#### What is expected
For this exercise, retype the lines from the one that holds "Jordan 1 Retro" through the one that holds "夢見異性聊天怎么樣_周公解夢" in the records below, both included, exactly and without pictures.

#### Stored data

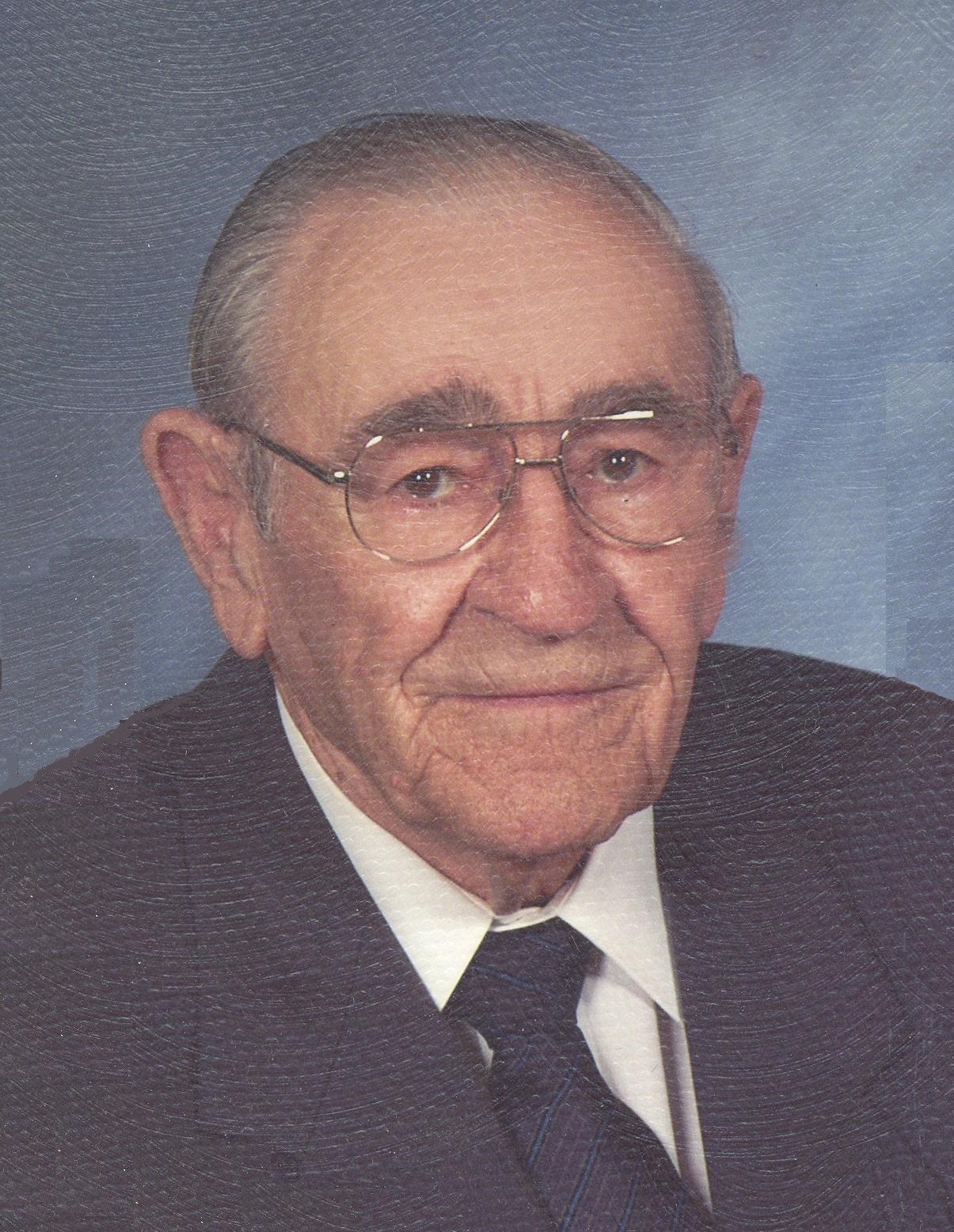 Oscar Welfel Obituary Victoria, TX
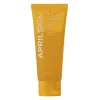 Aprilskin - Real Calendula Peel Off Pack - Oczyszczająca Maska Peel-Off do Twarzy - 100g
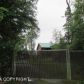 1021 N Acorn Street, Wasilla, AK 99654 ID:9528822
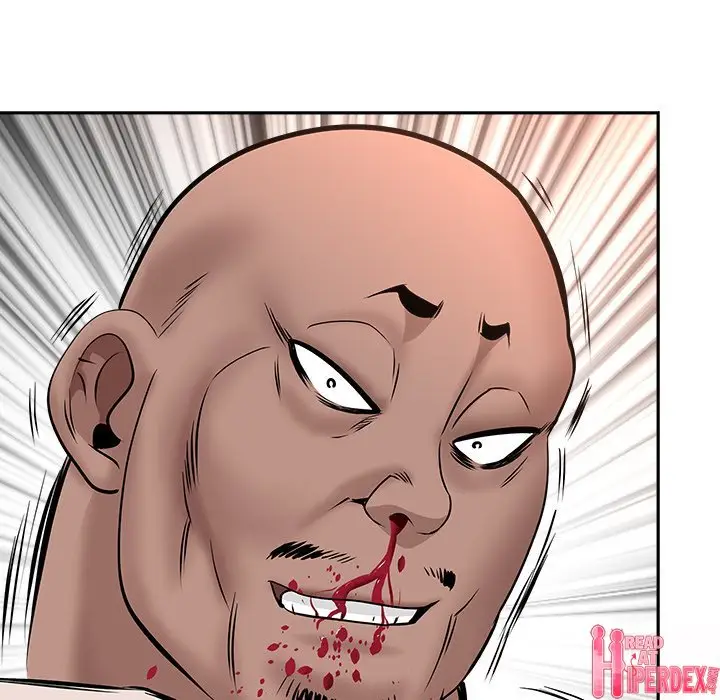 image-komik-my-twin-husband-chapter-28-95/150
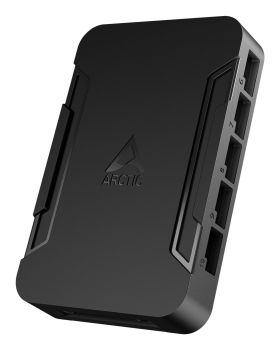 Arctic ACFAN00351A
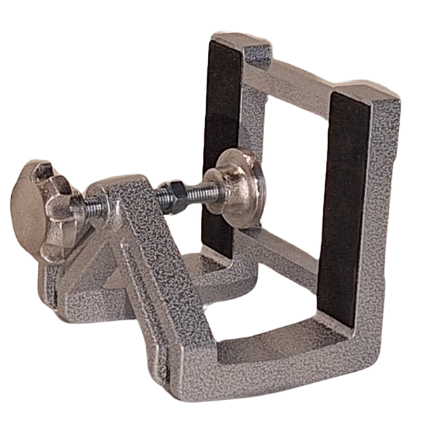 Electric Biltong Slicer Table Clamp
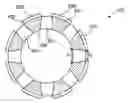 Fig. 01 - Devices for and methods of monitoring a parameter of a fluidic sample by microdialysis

* * *

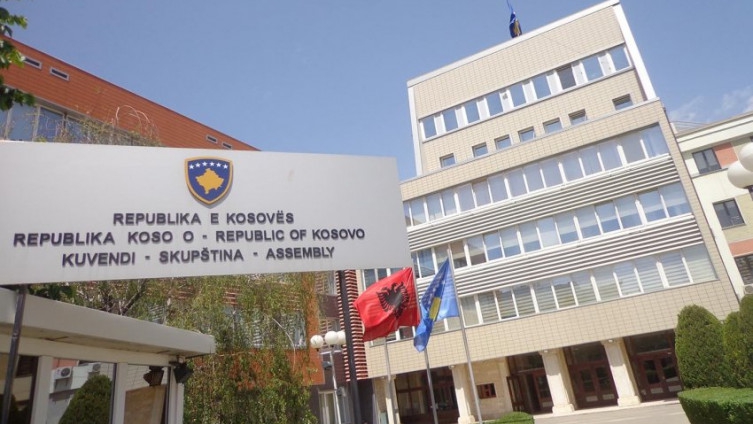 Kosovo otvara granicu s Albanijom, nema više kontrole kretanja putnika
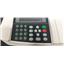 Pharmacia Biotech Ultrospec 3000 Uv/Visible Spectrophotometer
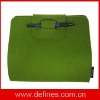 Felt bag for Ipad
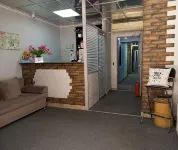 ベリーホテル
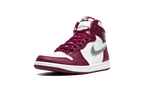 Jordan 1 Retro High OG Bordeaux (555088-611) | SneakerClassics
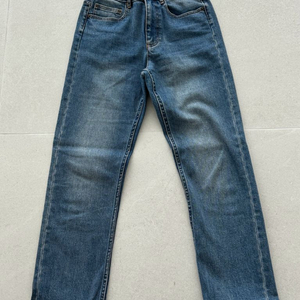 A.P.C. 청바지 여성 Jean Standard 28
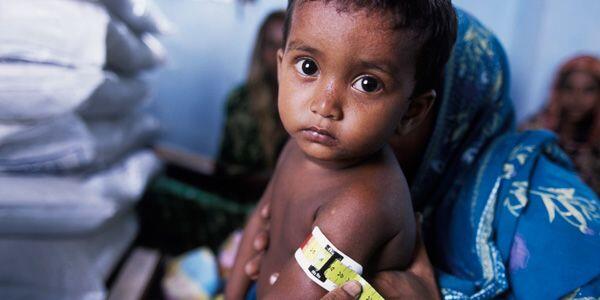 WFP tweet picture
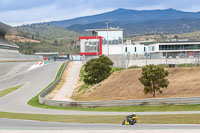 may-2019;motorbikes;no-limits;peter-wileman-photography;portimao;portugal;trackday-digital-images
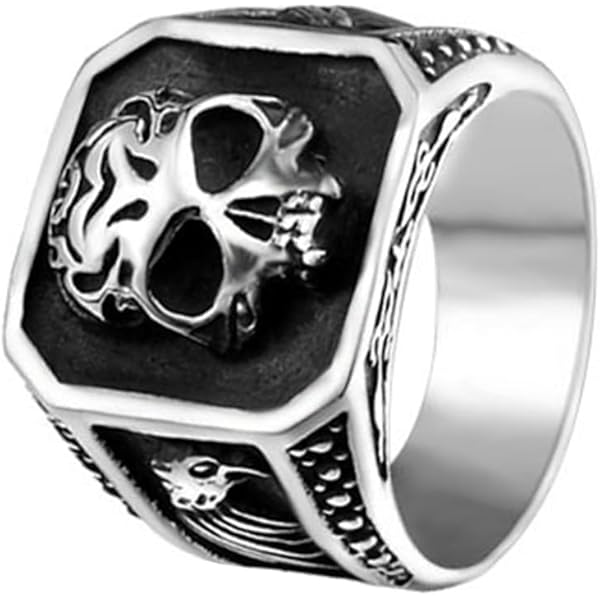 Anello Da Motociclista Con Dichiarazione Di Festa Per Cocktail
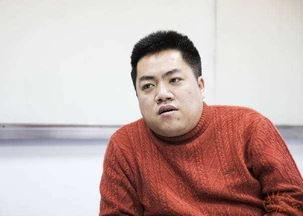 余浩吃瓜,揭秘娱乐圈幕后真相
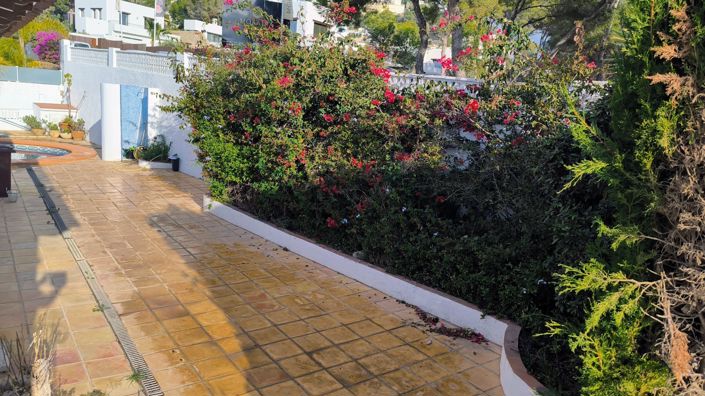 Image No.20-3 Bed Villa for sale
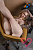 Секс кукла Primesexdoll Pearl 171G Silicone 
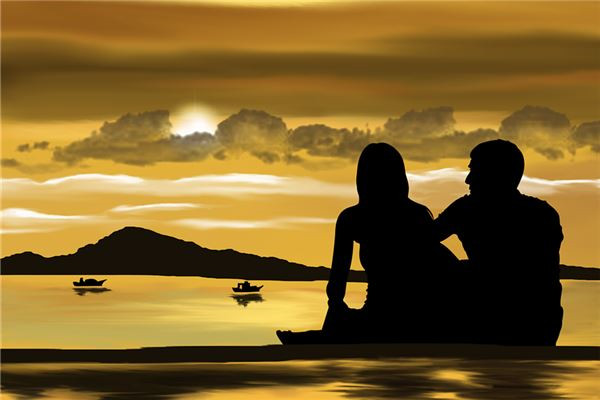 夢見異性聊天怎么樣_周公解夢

* * *

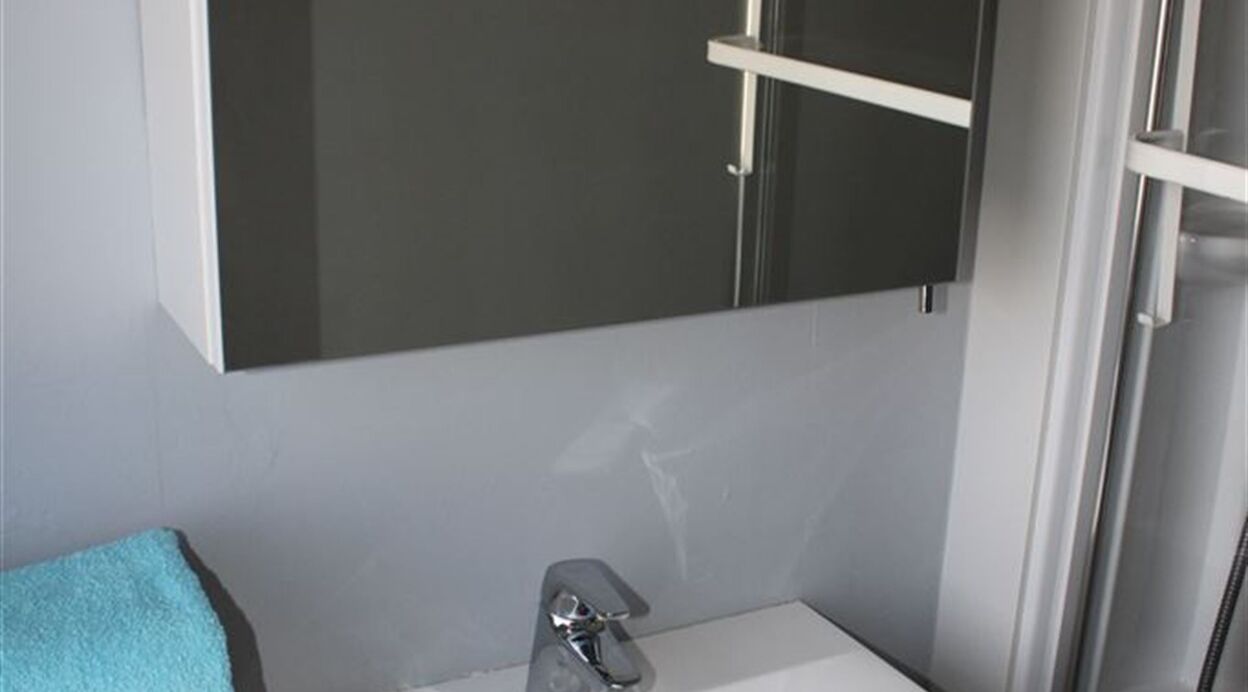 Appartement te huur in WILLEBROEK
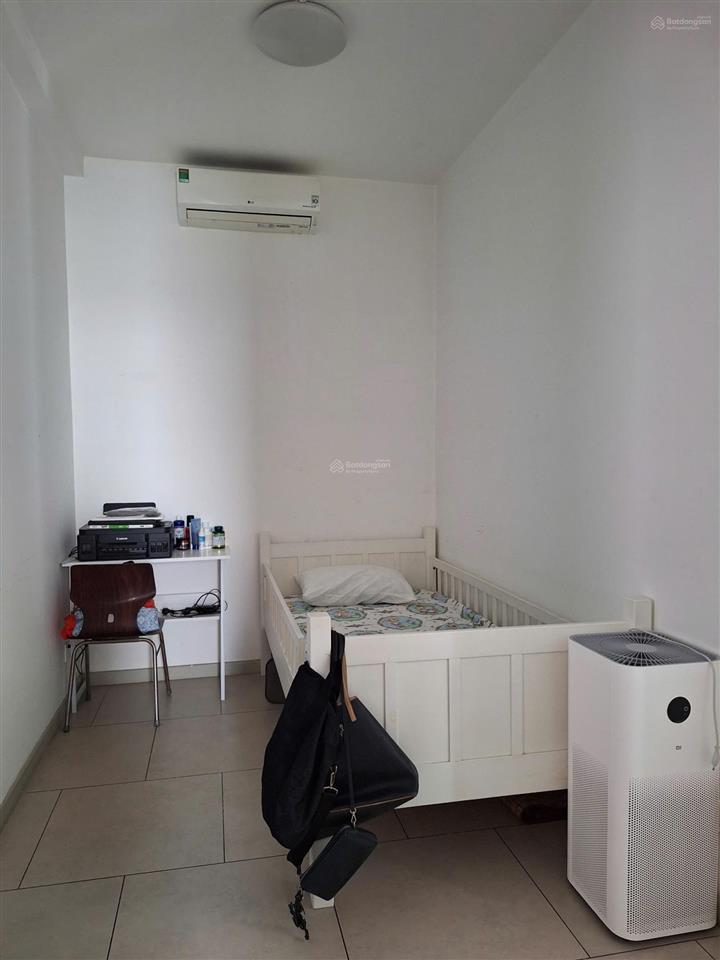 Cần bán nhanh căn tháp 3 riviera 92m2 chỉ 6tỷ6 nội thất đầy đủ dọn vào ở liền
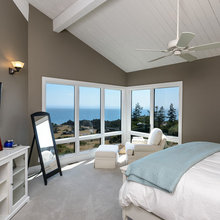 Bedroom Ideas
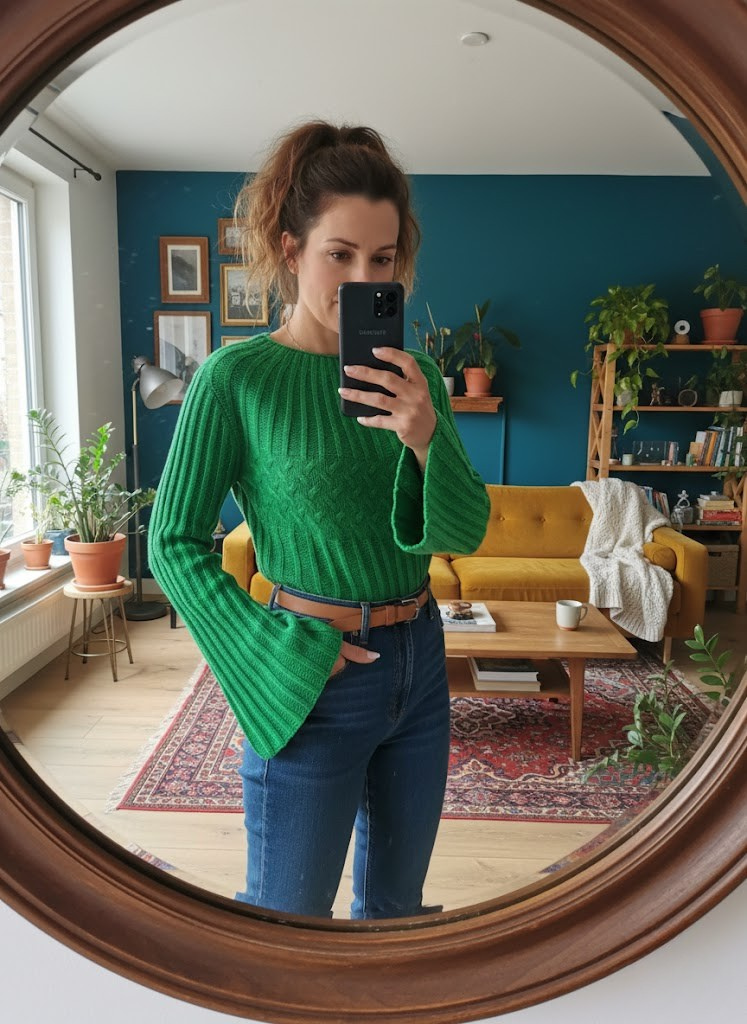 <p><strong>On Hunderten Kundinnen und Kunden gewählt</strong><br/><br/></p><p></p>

#### Task solution
 Jordan 1 Retro High OG Bordeaux (555088-611) | SneakerClassics
 A.P.C. 청바지 여성 Jean Standard 28
 WFP tweet picture
 may-2019;motorbikes;no-limits;peter-wileman-photography;portimao;portugal;trackday-digital-images
 Anello Da Motociclista Con Dichiarazione Di Festa Per Cocktail
 余浩吃瓜,揭秘娱乐圈幕后真相
 Image No.20-3 Bed Villa for sale
 Секс кукла Primesexdoll Pearl 171G Silicone 
 夢見異性聊天怎么樣_周公解夢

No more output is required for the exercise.